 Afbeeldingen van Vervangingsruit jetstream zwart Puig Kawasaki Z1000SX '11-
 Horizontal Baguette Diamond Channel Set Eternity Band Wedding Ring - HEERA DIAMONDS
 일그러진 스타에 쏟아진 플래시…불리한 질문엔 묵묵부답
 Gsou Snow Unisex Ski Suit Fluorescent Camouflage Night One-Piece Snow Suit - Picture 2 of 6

--

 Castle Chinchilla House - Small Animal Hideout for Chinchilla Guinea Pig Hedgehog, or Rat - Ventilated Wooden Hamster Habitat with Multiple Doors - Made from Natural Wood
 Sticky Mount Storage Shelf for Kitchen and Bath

- **TASK**
Start with the line above that contains "Horizontal Baguette Diamond" and stop after the line that contains "Gsou Snow Unisex". Output those lines exactly, and only those.

- **ANSWER TO THE EXERCISE**
 Horizontal Baguette Diamond Channel Set Eternity Band Wedding Ring - HEERA DIAMONDS
 일그러진 스타에 쏟아진 플래시…불리한 질문엔 묵묵부답
 Gsou Snow Unisex Ski Suit Fluorescent Camouflage Night One-Piece Snow Suit - Picture 2 of 6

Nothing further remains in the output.